C’est un phénomène récent qui prend une ampleur insoupçonnée. Les spin-offs squattent le box‐office français depuis 2010. Les plus gros succès s’appellent Les Minions (6.588.715 entrées), Le Chat Potté (3.794.833) ou Deadpool (3.735.249). « Ça fait dix ans qu’on en bouffe et le public ne se lasse pas », résume Rafik Djoumi, journaliste à Arte et rédacteur en chef de l’hebdo BITs. Mieux, les spectateurs en redemandent.

Les raisons sont nombreuses à une telle adhésion. Le spin‐off s’appuie sur une oeuvre de fiction déjà existante qui se focalise sur un personnage souvent secondaire en l’incorporant à une nouvelle histoire. Pour Baptiste, youtuber et créateur de la chaîne Chroniques du Désert Rouge, « il y a quelque d’hypnotique et d’agréable à voir un monde imaginaire s’étendre et se renouveler ». Le spin‐off joue ainsi sur plusieurs registres : l’émotion, la mélancolie et la surprise.

Mais ce genre cinématographique s’explique également par une conjonction entre plusieurs éléments. Depuis la fin des années 90, la culture geek explose. Ses adeptes « adorent mettre un univers à l’épreuve » comme dans un spin‐off et vont « vérifier le moindre élément d’une intrigue », explique Rafik Djoumi. Un appétit vorace, capté par les producteurs hollywoodiens, qui flairent le bon filon. Ceux‐ci réalisent que « leur pouvoir n’est plus dans l’objet mais dans la licence. L’enjeu n’est plus d’avoir des copies, mais d’avoir les droits sur quelque chose et d’en faire ce qu’ils veulent », poursuit Djoumi.

Le paradoxe du spin‐off

Un opportunisme qui plaît néanmoins au public, qui aime revenir dans une galaxie connue par une autre porte. Comme Chloé, 21 ans, une adepte d’Harry Potter qui s’est ruée au cinéma pour voir le spin‐off Les Animaux Fantastiques. « En tant que fan, ça me plaît d’aborder d’autres histoires dans l’histoire », explique‐t‐elle. Celle qui « attend toujours sa lettre de Poudlard », l’école des sorciers d’Harry Potter, estime que ce long‐métrage, vu par plus de 2 millions de spectateurs en seulement deux semaines, « relance la franchise, sans le côté infantilisant que certains peuvent reprocher à la saga ».
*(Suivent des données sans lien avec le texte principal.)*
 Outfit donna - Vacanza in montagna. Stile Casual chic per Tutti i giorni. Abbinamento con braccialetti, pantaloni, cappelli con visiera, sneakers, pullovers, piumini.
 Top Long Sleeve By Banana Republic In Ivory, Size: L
Rogue One, issu de la saga Star Wars, est le spin‐off le plus attendu de l’année. Maxime, graphiste de 22 ans, est impatient de le découvrir. Lui qui a connu cet univers unique avec la seconde trilogie des années 2000, regrette juste que la sortie d’un Star Wars ne soit « plus un événement ». « On a l’impression d’attendre la nouvelle saison de Game Of Thrones. Ça perd un peu de son charme ».
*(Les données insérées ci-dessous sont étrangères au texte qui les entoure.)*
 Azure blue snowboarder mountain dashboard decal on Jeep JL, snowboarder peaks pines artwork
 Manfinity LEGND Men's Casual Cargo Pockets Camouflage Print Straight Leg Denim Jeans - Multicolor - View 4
Si le risque de lassitude pourrait toutefois pointer le bout de son nez, la recette fonctionne toujours. « Il y a un tel matraquage publicitaire aujourd’hui que même des films dépréciés par le public finissent par rentrer dans leurs frais », regrette Adrien Gombeaud, journaliste à France Culture. Un paradoxe pour un genre capable du pire comme du meilleur.